The LCA noted that in Amadeus (Case no
19-MC-01), to determine where interim measures can apply to a situation of
economic dependence, the FCA crafted a four-limb test: i) the brand of the
supplier have a sufficient notoriety; ii) the supplier has a substantial share
of the relevant market; iii) the supplier accounts for a substantial share of
the turnaround of its customers; iv) the customer has no alternative options with
comparable technical and economic conditions. Therefore, should the Amadeus
test apply to Amazon Services Europe, to establish a serious and
irreparable damage to his business, the applicant has to prove that the
termination of the platform access contract would prevent him from selling
online his products on comparable conditions.
That said, however, the LCA took the view that Amadeus
could not be followed in Amazon Services Europe because the facts of the
case were different. First, in Amadeus Google had a market share much
higher than that of Amazon. Second, unlike in Amazon Services Europe, in
Amadeus there were relevant entry barriers. Moreover, the LCA reminded
that in Telecom Luxembourg v EPT it held that the application for
interim relief should be substantiated with sufficiently strong evidence. The
application will fail when it is grounded on generic arguments that are not
corroborated by facts.
Applying this principle to the facts of in Amazon
Services Europe, the LCA was rather unhappy with the evidence submitted by Mr
HD in support of his application. He argued that having no longer access to the
Amazon Marketplace would inflict serious and irreparable damages to his retail
activities. Importantly, the LCA noted that Mr HD did not show that, after being
foreclosed by the Amazon Marketplace, he would be unable to sell online from the
other e-commerce platforms. For these reasons, the LCA reached the conclusion
that Mr HD failed to prove to the requisite standard this requirement.
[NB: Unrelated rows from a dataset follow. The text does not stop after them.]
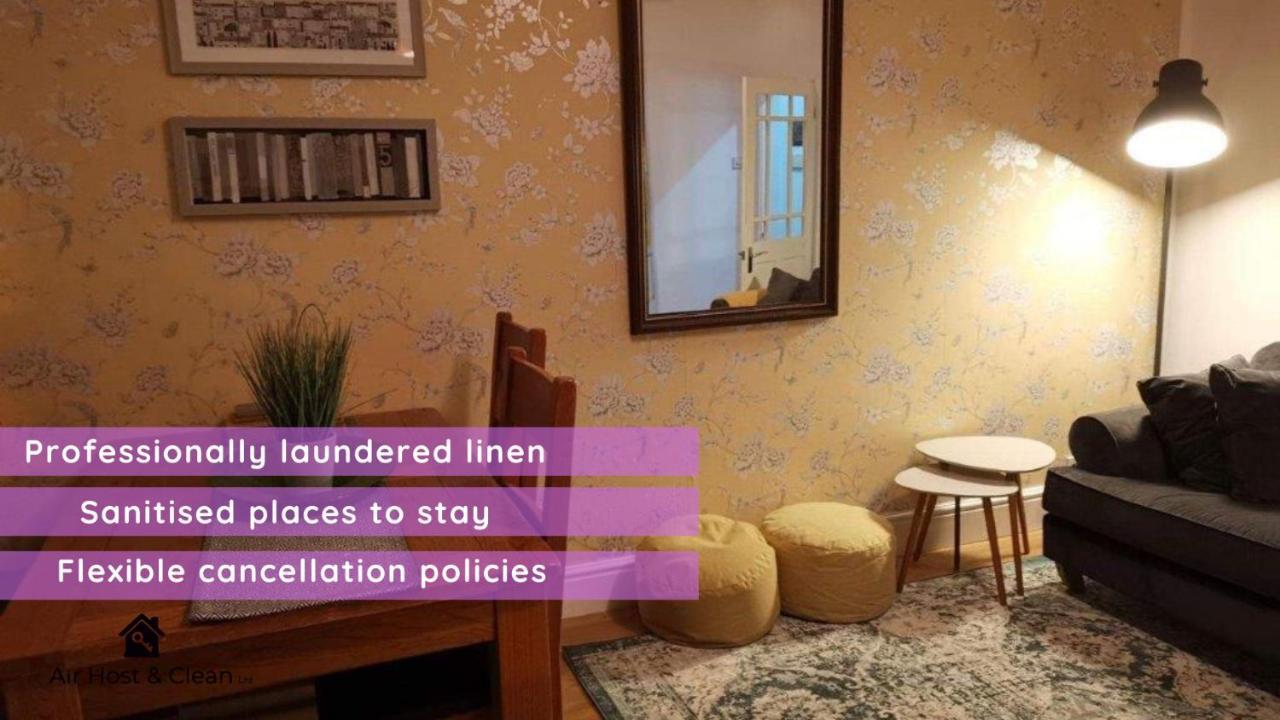 Corner House, Sleeps 8 In 4 Bedrooms, Near Train Station, Great Value! Vakantiehuis Manchester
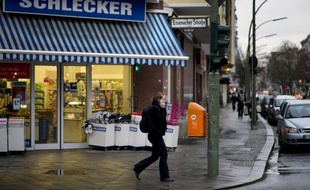 La chaîne allemande de droguerie Schlecker, confrontée à un manque de liquidités, a officiellement déposé le bilan lundi, a indiqué à l'AFP un porte-parole du tribunal d'Ulm (sud).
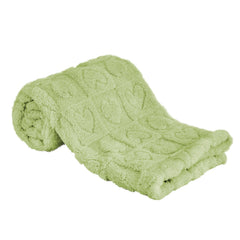 Yurhap heart-checkered blanket in green for cozy baby styling and warmth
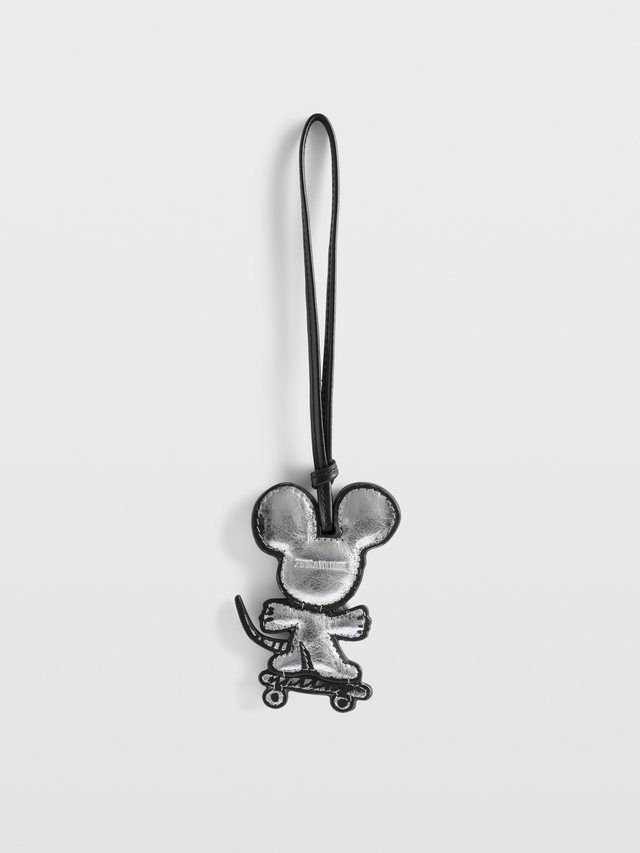 MOUSE SKATER KEYRING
The document submitted by the applicant indicating that
he was a member of the Rakuten platform was insufficient to reverse this
finding. In addition, the applicant did not indicate which steps he took to
selling his products from the competing online platforms.
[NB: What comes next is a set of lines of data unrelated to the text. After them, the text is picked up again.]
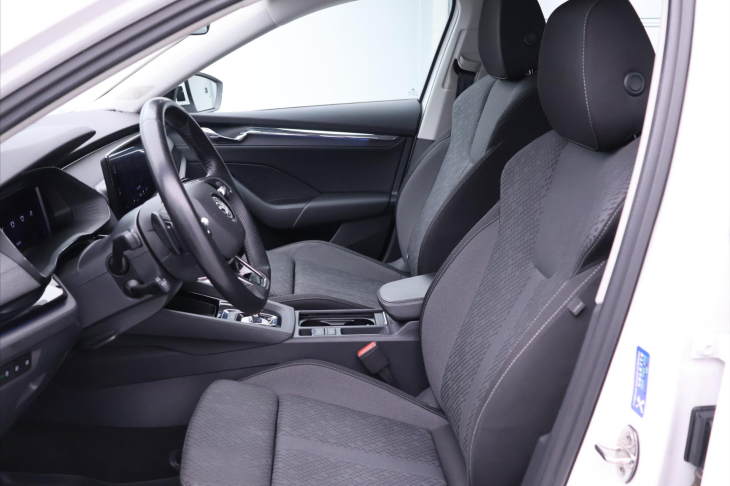 Škoda Octavia 2,0 TDI 110kW DSG Style CZ DPH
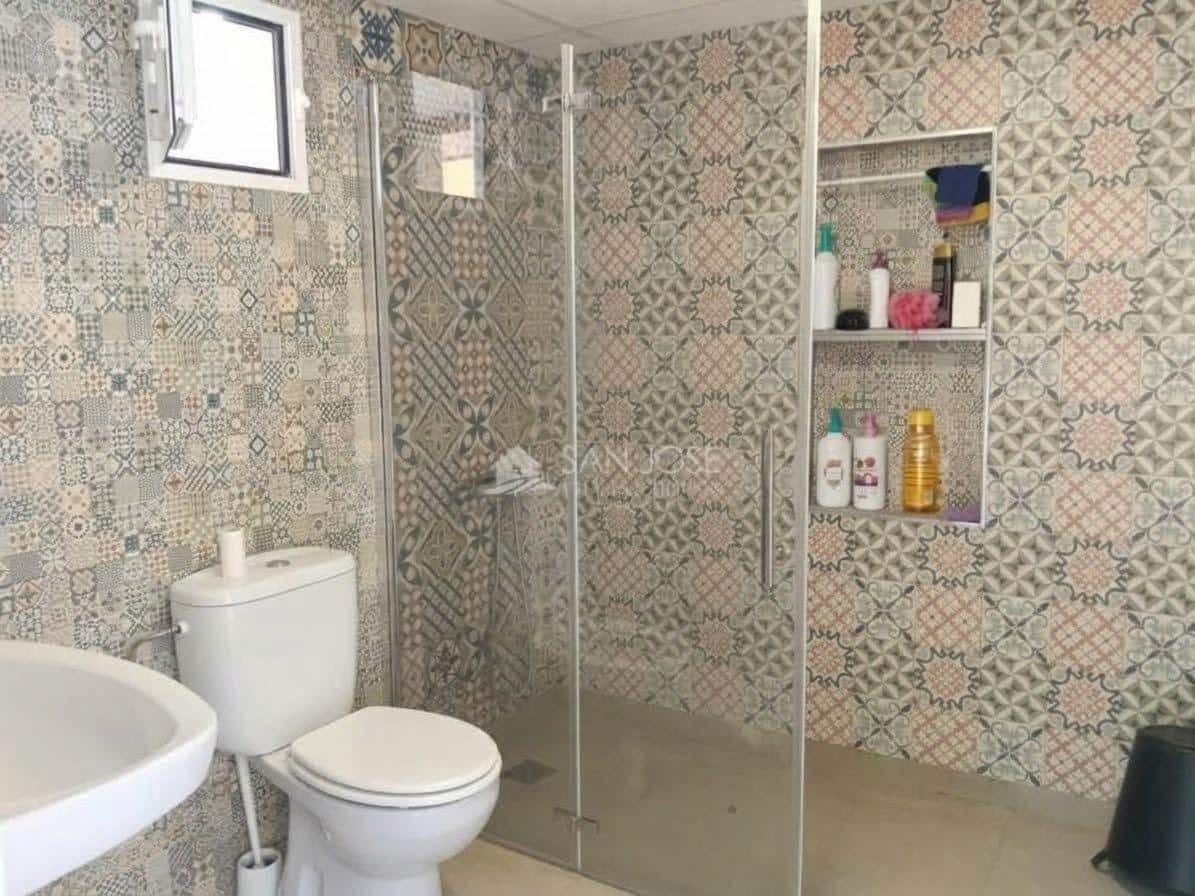5 soverom Villa til salgs i Monforte del Cid med svømmebasseng garasje - € 366 940 (Ref: 10136012)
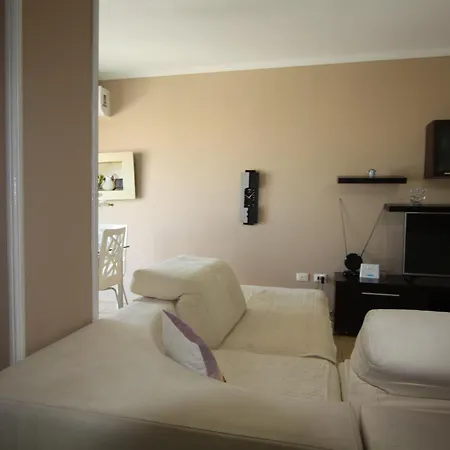 Apartmán Aloha Tirana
iii)The situation of urgency
Article 12 of LCL that interim measures must be
adopted within a short time limit to effectively address the risk of serious
and irreparable damage. However, in Amazon Services Europe more than two
years elapsed from the closing of the Mr. HD’s trading account and the filing
of the application for the interim measures. In the view of the LCA, such a
long period of time was clearly incompatible with the urgency character of interim
measures.
Conclusions
Amazon Services Europe confirms the strict evidentiary standard applied by the
LCA when determining applications for interim measures. For such applications
to be successful, petitioners must prove the likelihood of a given competition
breach as well as, amongst other things, a serious and irreparable harm to his business
activities. To this end, applicants are expected to submit specific and concrete
facts and circumstances showing the damages suffered as a result of the
anti-competitive practices of which they complain. Generic statements
unsupported by facts are not enough to demonstrate such damages. Thus, in case
of an anticompetitive foreclosure from an e-commerce platform, to obtain the
requested interim relief, the applicant should give convincing evidence that he
is unable to carry out his retail activities from the other online platforms.
A further lesson that can be drawn from Amazon
Services Europe is that an application for interim measures must be promptly
lodged after the occurrence of the alleged competition breach. The longer this
goes on from that point in time, the less likely that the LCA considers that
there is an urgency requiring the granting of interim relief.